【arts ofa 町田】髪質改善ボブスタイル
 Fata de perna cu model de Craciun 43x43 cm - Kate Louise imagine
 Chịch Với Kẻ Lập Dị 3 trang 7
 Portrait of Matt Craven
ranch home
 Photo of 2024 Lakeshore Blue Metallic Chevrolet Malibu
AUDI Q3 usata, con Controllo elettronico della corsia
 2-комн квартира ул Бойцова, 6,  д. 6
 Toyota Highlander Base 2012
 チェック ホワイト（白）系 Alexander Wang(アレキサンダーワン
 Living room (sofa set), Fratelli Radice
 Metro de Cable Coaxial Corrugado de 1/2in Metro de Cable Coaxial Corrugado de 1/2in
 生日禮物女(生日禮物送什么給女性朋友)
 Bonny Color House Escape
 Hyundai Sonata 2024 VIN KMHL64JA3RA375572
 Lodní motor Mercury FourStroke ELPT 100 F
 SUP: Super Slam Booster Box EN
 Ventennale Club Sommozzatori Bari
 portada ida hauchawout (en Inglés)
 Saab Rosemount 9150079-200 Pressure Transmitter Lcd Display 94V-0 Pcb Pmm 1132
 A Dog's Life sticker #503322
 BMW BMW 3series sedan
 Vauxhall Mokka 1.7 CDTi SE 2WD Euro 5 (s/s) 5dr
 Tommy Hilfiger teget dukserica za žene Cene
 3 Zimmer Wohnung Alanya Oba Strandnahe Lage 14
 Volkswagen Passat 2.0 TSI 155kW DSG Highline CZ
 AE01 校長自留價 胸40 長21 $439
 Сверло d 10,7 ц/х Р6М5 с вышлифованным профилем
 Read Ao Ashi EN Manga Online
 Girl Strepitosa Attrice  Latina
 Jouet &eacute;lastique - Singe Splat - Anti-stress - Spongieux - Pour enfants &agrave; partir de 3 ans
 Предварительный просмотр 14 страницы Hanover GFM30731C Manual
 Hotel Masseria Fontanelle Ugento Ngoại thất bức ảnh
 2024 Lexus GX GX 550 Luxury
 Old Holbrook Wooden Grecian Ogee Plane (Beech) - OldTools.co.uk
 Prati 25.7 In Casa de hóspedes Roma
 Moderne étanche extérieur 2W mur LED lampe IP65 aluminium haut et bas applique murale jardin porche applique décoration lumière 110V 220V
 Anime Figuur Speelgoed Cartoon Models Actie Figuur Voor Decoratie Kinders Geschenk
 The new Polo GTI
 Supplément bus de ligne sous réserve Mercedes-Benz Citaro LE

-------------------------

• **THE TASK**: When you write the entries out again, keep every word and mark exactly as it is.

• **SOLUTION**:
【arts ofa 町田】髪質改善ボブスタイル
 Fata de perna cu model de Craciun 43x43 cm - Kate Louise imagine
 Chịch Với Kẻ Lập Dị 3 trang 7
 Portrait of Matt Craven
ranch home
 Photo of 2024 Lakeshore Blue Metallic Chevrolet Malibu
AUDI Q3 usata, con Controllo elettronico della corsia
 2-комн квартира ул Бойцова, 6,  д. 6
 Toyota Highlander Base 2012
 チェック ホワイト（白）系 Alexander Wang(アレキサンダーワン
 Living room (sofa set), Fratelli Radice
 Metro de Cable Coaxial Corrugado de 1/2in Metro de Cable Coaxial Corrugado de 1/2in
 生日禮物女(生日禮物送什么給女性朋友)
 Bonny Color House Escape
 Hyundai Sonata 2024 VIN KMHL64JA3RA375572
 Lodní motor Mercury FourStroke ELPT 100 F
 SUP: Super Slam Booster Box EN
 Ventennale Club Sommozzatori Bari
 portada ida hauchawout (en Inglés)
 Saab Rosemount 9150079-200 Pressure Transmitter Lcd Display 94V-0 Pcb Pmm 1132
 A Dog's Life sticker #503322
 BMW BMW 3series sedan
 Vauxhall Mokka 1.7 CDTi SE 2WD Euro 5 (s/s) 5dr
 Tommy Hilfiger teget dukserica za žene Cene
 3 Zimmer Wohnung Alanya Oba Strandnahe Lage 14
 Volkswagen Passat 2.0 TSI 155kW DSG Highline CZ
 AE01 校長自留價 胸40 長21 $439
 Сверло d 10,7 ц/х Р6М5 с вышлифованным профилем
 Read Ao Ashi EN Manga Online
 Girl Strepitosa Attrice  Latina
 Jouet &eacute;lastique - Singe Splat - Anti-stress - Spongieux - Pour enfants &agrave; partir de 3 ans
 Предварительный просмотр 14 страницы Hanover GFM30731C Manual
 Hotel Masseria Fontanelle Ugento Ngoại thất bức ảnh
 2024 Lexus GX GX 550 Luxury
 Old Holbrook Wooden Grecian Ogee Plane (Beech) - OldTools.co.uk
 Prati 25.7 In Casa de hóspedes Roma
 Moderne étanche extérieur 2W mur LED lampe IP65 aluminium haut et bas applique murale jardin porche applique décoration lumière 110V 220V
 Anime Figuur Speelgoed Cartoon Models Actie Figuur Voor Decoratie Kinders Geschenk
 The new Polo GTI
 Supplément bus de ligne sous réserve Mercedes-Benz Citaro LE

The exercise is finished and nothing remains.